Italian librettist (c. 1775 – after 1839)

Giovanni Schmidt (c. 1775 in Livorno – c. after 1839 in Naples) was an Italian librettist.

==Life==
He moved to Naples while he was still young and stayed there for the rest of his life. Between 1800 and 1839 he wrote libretti for 45 operas, especially for the Teatro San Carlo for which he was the official poet. He and Andrea Leone Tottola were the two librettists who dominated theatrical life in Naples in the first quarter of the 19th century.
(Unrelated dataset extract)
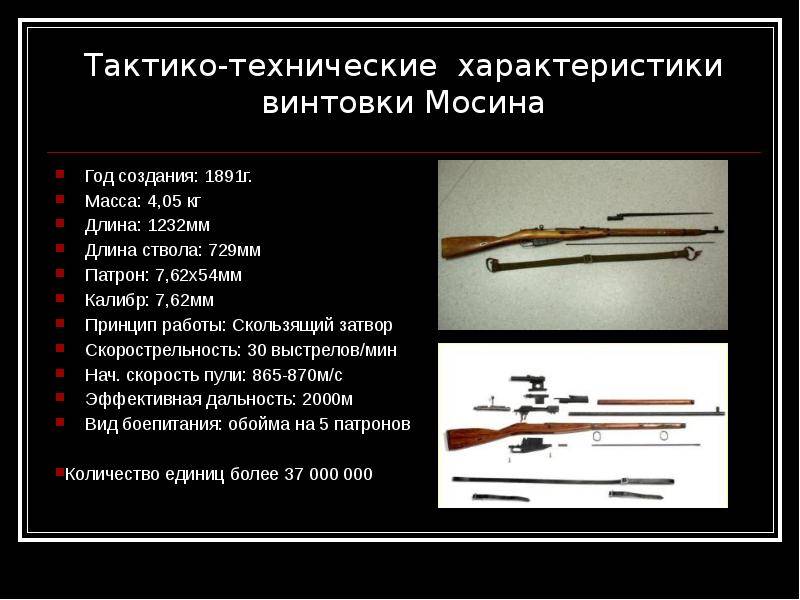 Винтовка мосина охотничья: трехлинейка, технические характеристики, калибр винтовки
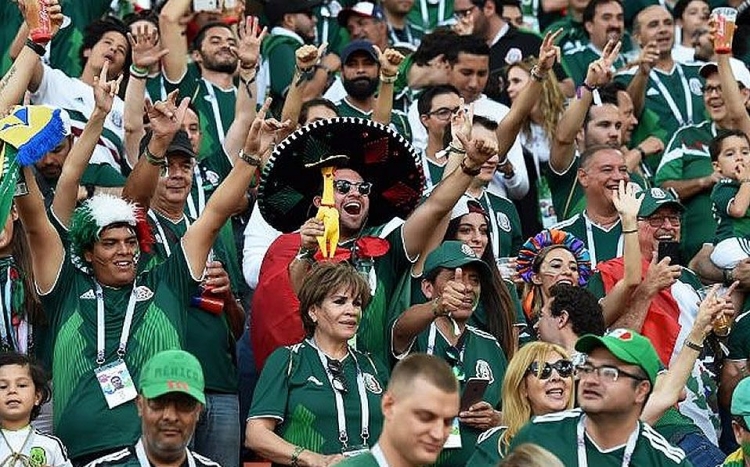 Por grito de “Eeeh pu...”, México es castigado con dos juegos a puerta cerrada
His lyrics were mostly banal and verbose, but were set by the most important composers of the era, such as Giacomo Tritto, Gaetano Andreozzi, Luigi Mosca, Pietro Generali, Saverio Mercadante and Gioachino Rossini. For Rossini alone he wrote texts for Elisabetta, regina d'Inghilterra, Eduardo e Cristina, Armida and Adelaide di Borgogna, which are considered his best works. He also appeared as a character in a scene from the 1991 film Rossini! Rossini! directed by Mario Monicelli.

==Works==

===Libretti===
- Meleagro (opera seria; music by Nicola Antonio Zingarelli, 1798)
- Idante ovvero I sacrifici d'Eccate (dramma per musica; music by Marcos António Portugal, 1800)
- Gli americani (opera seria; music by Giacomo Tritto; 1802)
- Piramo e Tisbe (opera seria; music by Gaetano Andreozzi, 1803)
- Leonora (dramma semiserio; music by Ferdinando Paer, 1804)
- Cesare in Egitto (opera seria; music by Giacomo Tritto, 1805)
- Andromeda (opera seria; music by Vittorio Trento, 1805)
- Il salto di Leucade (music by Luigi Mosca, 1812)
- Ecuba (tragedia per musica; music by Nicola Antonio Manfroce, 1812)
- Elisabetta, regina d'Inghilterra (dramma; music by Gioachino Rossini, 1815)
- Armida (dramma; music by Gioachino Rossini, 1817)
- Adelaide di Borgogna (dramma; music by Gioachino Rossini, 1817)
- Eduardo e Cristina (dramma; music by Gioachino Rossini, 1819)
- L'apoteosi d'Ercole (dramma per musica; music by Saverio Mercadante, 1819)
- Anacreonte in Samo (dramma per musica; music by Saverio Mercadante, 1820)
- Lo sposo in provincia (commedia; music by Giacomo Cordella, 1821)
- La sposa indiana (music by Pietro Generali, 1822)
- L'amante virtuoso (music by Giuseppe Balducci, 1823)
- Le nozze de' Sanniti (dramma per musica; music by Pietro Raimondi, 1824)
- Alessandro nelle Indie (dramma per musica; music by Giovanni Pacini, 1824)
- Anazilia (melodramma; music by Giovanni Pacini, 1825)
- Malvina (music by Michele Costa, 1829)
- Le nozze campestri (dramma per musica; music by Giacomo Cordella, 1840; music by Giuseppe Lillo, 1840)

===Other works===
- Cimarosa agli Elisi (sonetto; music by Pietro Casella, 1801)

==Bibliography==
- New Grove Dictionary of Music and Musicians (2000)
- Pacini, Giovanni: Le mie memorie artistiche (Firenze, 1865)
- Rescigno, Edoardo: Dizionario rossiniano (2002)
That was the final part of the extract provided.